Mademoiselle Godeschal, anxious to make her first appearance at the
Panorama-Dramatique under the name of Mariette, based her hopes on the
protection and influence of a first gentleman of the bedchamber, to
whom Vestris had promised to introduce her. Vestris, still green
himself at this period, did not think his pupil sufficiently trained
to risk the introduction. The ambitious girl did, in the end, make her
pseudonym of Mariette famous; and the motive of her ambition, it must
be said, was praiseworthy. She had a brother, a clerk in Derville's
law office. Left orphans and very poor, and devoted to each other, the
brother and sister had seen life such as it is in Paris. The one
wished to be a lawyer that he might support his sister, and he lived
on ten sous a day; the other had coldly resolved to be a dancer, and
to profit by her beauty as much as by her legs that she might buy a
practice for her brother. Outside of their feeling for each other, and
of their mutual life and interests, everything was to them, as it once
was to the Romans and the Hebrews, barbaric, outlandish, and hostile.

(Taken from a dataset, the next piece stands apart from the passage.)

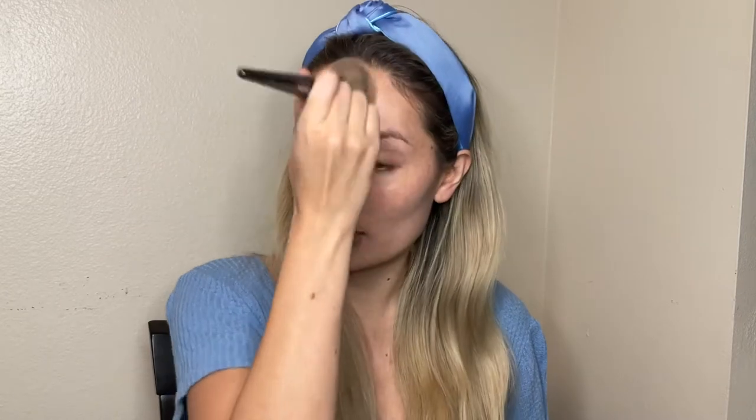What I already did is prime with my Hourglass Mineral Veil primer all over, and then I'm going to go ahead and just lightly set my primer. If you guys haven't heard that trick from one of my previous videos, that is something I like to do to help with the staying power of my foundations and concealers. You're not going to go crazy with setting powder — just very lightly dust it all over the primer to help your concealer or foundation really grip onto it better.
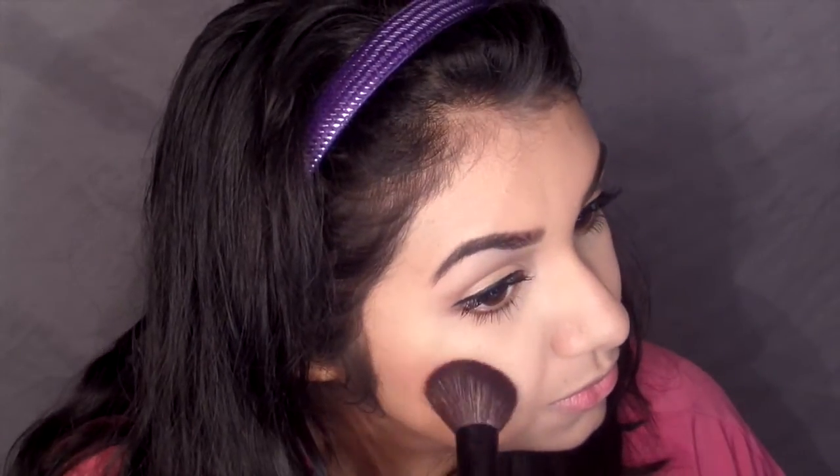Here I'm taking two Too Faced bronzers - I'm using the Sun Bunny and the Chocolate Soleil bronzer - and using a mix of that to bronze up my face. Nothing too dark, just a little bit of glow. I'm taking a very pink pigmented blush by Milani, I believe it's Bella Rosa - I will put the correct name below. I'm barely tapping my brush in, tapping off the excess, and tapping this on my cheeks. It is extremely pigmented, so I'm adding a little bit at a time on each side and then blending it out.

This generous affection, which nothing ever lessened, explained
Mariette to those who knew her intimately.
The brother and sister were living at this time on the eighth floor of
a house in the Vieille rue du Temple. Mariette had begun her studies
when she was ten years old; she was now just sixteen. Alas! for want
of becoming clothes, her beauty, hidden under a coarse shawl, dressed
in calico, and ill-kept, could only be guessed by those Parisians who
devote themselves to hunting grisettes and the quest of beauty in
misfortune, as she trotted past them with mincing step, mounted on
iron pattens.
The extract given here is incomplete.